Cra: So adverse events run alongside everything. Any AE gets recorded. But a serious one — an SAE — kicks off a totally separate, expedited safety track. That's not the routine data flow; the site reports it to the sponsor's safety group within twenty-four hours, and depending on what it is, it goes to regulators on a clock. That branch can fire at any point during treatment and it takes priority over everything. Same with protocol deviations — those get logged and reported on their own track, running concurrent with the monitoring.

Interviewer: OK. So how does the whole thing start to wind down?

Cra: First big milestone is last patient in — LPI. You've hit your enrollment target. And again, if you haven't hit it, you're looping back into recruitment, more sites, more screening. But once you're enrolled, you close recruitment. Then it's just treatment and follow-up until your last patient finishes their last visit — LPLV, last patient last visit. That's the moment the data stops coming in.

Interviewer: And then you can lock it?

Cra: Not yet — and this is the part people underestimate. Database cleaning. You have to resolve every open query, reconcile all the SAEs against the database, reconcile the drug, pull in external data like central labs. And it's a loop until it's genuinely clean — any open query sends you back. Only when data management is satisfied there's nothing outstanding do you lock the database. Hard lock. No more edits without a controlled, documented re-opening, which nobody wants to do.

Interviewer: And once it's locked?

Cra: Unblinding. The treatment assignments get revealed, and the locked, clean dataset gets handed to biostatistics for the analysis. And that's really the end of the operations arc — from there it's a statistics and reporting story, not mine.

Interviewer: So if you had to name the one thing people get wrong about all this — what is it?

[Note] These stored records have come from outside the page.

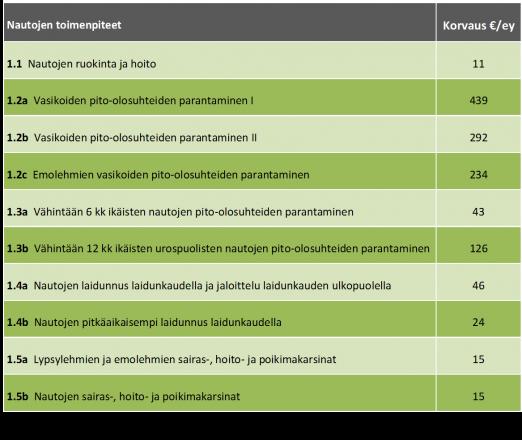 9. Toimenpiteiden korvaustasot Eläinten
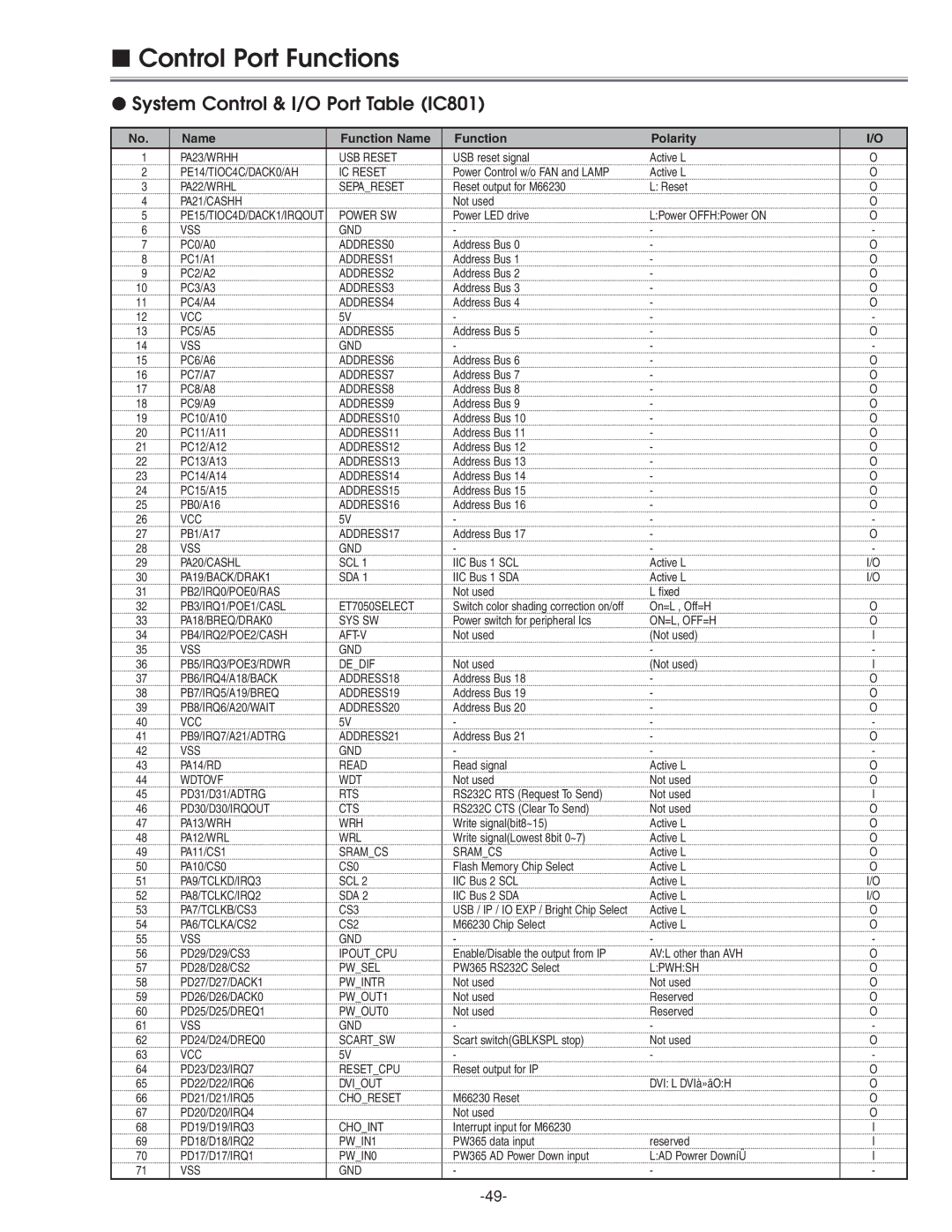 Eiki LC-XG210 service manual Control Port Functions, System Control & I/O Port Table IC801 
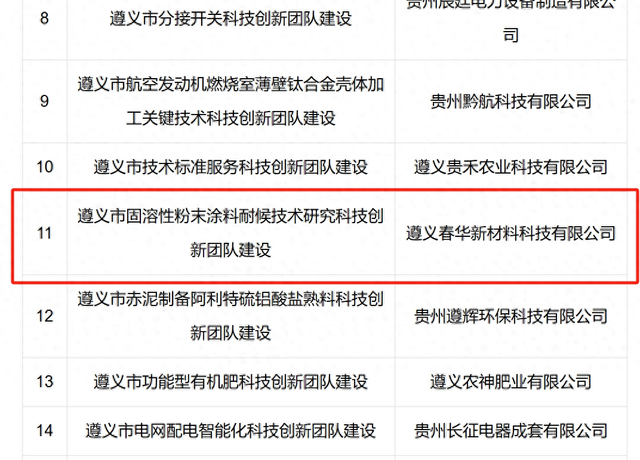 市固溶性粉末涂料耐候技术研究科技创新团队建设项目申报！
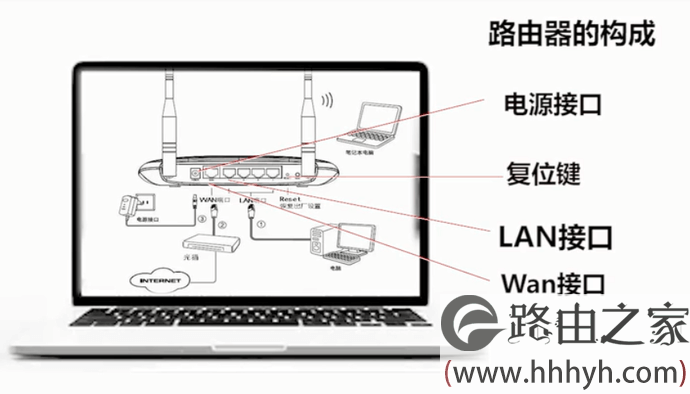 无线路由器的4大误区 路由器怎么扩大信号范围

Cra: They think the hard part is the science, or the lock at the end. It's not. The thing people get wrong is treating startup and enrollment as separate from the lock — like the clean database is a problem you solve at the end. It isn't. Every shortcut at the site initiation visit, every coordinator you didn't train well enough, every query you let pile up instead of resolving in the moment — all of that comes due at lock, all at once, usually against an immovable deadline. The clean lock is built — or lost — in month two, at the SIV, when you decided how disciplined the site was going to be. People sprint to activate the site and start enrolling because that's the visible milestone, and they pay for that haste for the entire rest of the trial. The teams that lock clean and on time are the ones who were boringly rigorous about source and queries from the very first patient. That's the whole game.

Interviewer: That's a great place to stop. Thanks.

Cra: Anytime. Beats writing the monitoring report.